Le 23 Avril 1678, les chanoines décidèrent de placer au troisième étage des tours, les armes de Monseigneur Jean-Baptiste de Beaumanoir évêque de Rennes et du marquis de Lavardin son frère. Celles de Monseigneur le duc de Chaulnes, gouverneur de Bretagne, occupèrent la partie centrale. Les débris de ces écussons montrent encore leurs places.

En 1679, on monta les charpentes des tours pour y placer les cloches.

Le 22 Décembre 1685, l’architecte François Huguet fut chargé de modifier les deux petites portes latérales sous les tours et de placer les armes du roi dans un grand fronton, sur le vitrail au-dessus de la principale porte, entre les deux tours. Ce fronton existe encore, et on reconnaît le contour et les ornements de l’ancien écusson de France.

Les tours de la Cathédrale furent terminées en 1703 ; il s’était écoulé plus de 160 années entre l’établissement des fondations et la clôture des travaux.

Hélas ! le corps de l’édifice s’affaissait déjà et dès l’année 1700, un procès-verbal dressé par des architectes constatait sa ruine.

Le 11 février 1754, un éboulement se manifesta au-dessus des parties latérales de l’église et l’évêque dut prononcer l’abandon de la Cathédrale que le chapitre quitta processionnellement le 27 Février 1754, pour aller s’installer dans la chapelle de l’Hôtel-Dieu, appelée depuis l’hôpital Saint-Yves.

Un arrêt du Conseil du Roi du 2 Juin de la même année, ordonna la démolition de l’édifice.

Plusieurs personnages avaient reçu la sépulture dans le chœur de la cathédrale. Sur une plaque de cuivre on lisait :

« Cy-gist le corps d’Isabelle de Bretagne, sœur unique de la Reine Anne, qui décéda le X de juin MIIIIcc IIII** IX de son âge le huitième. »
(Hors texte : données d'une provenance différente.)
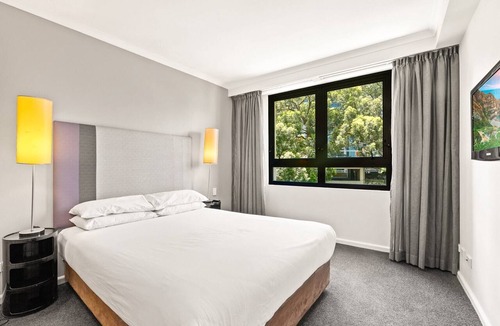 Parramatta Apartment | Sleek 1-Bed by Jubilee Park with Pool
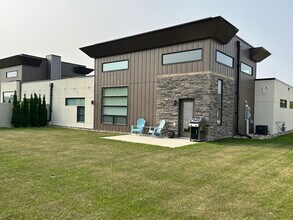3955 Ivy Dr in Grand Forks, ND - Building Photo - Building Photo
En 1803, après le rétablissement du culte catholique, l’église abbatiale de Saint-Melaine devenue paroisse fut assignée au chapitre pour les cérémonies du culte qui pouvaient lui incomber.

Le cardinal Fesch, oncle de Napoléon Ier, vint à Rennes en 1808 et ne put voir sans regret les tours de la cathédrale veuves de leur église. Il en parla à l’Empereur et bientôt après parut le décret suivant qui mérite d’être cité : « Voulant, dit l’Empereur, donner une preuve de l’intérêt que nous portons aux habitants de notre bonne ville de Rennes, et voulant ne pas laisser imparfaite leur église cathédrale, nous avons décrété et décrétons ce qui suit :

« Art. 1er. — L’église cathédrale de Rennes sera achevée.
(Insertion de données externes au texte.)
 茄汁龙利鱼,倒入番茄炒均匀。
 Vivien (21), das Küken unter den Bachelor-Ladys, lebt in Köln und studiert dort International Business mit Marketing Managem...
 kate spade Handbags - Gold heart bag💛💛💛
« Art. 2. — Une somme de 500 000 fr. est mise à cet effet à la disposition de notre ministre des cultes. Cette somme sera payée en cinq ans, à partir de 1811. »

Les difficultés du temps firent arrêter les travaux qui ne furent repris qu’en 1819.
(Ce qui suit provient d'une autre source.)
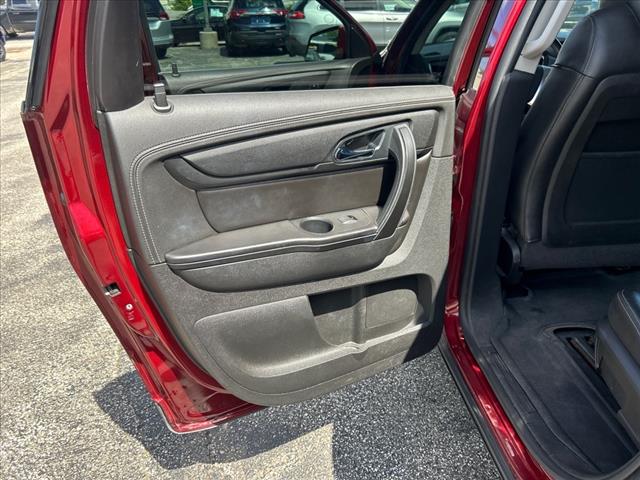 2017 Chevrolet Traverse 2LT photo 10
La Restauration activa le relèvement de l’église. En 1823, de nouvelles sommes furent accordées pour la continuation du travail, et en 1837 une dernière allocation permit de l’achever.

Le 7 avril 1844, jour de Pâques, l’évêque Godefroy Saint-Marc accompagné des chanoines, du Chapitre, et précédé d’un nombreux clergé, quitta l’église de l’ancienne abbaye de Saint-Melaine pour se diriger vers la nouvelle cathédrale en parcourant les principales rues de la ville.

La cathédrale Saint-Pierre de Rennes, fut élevée en 1859 à la dignité d’église métropolitaine de Bretagne.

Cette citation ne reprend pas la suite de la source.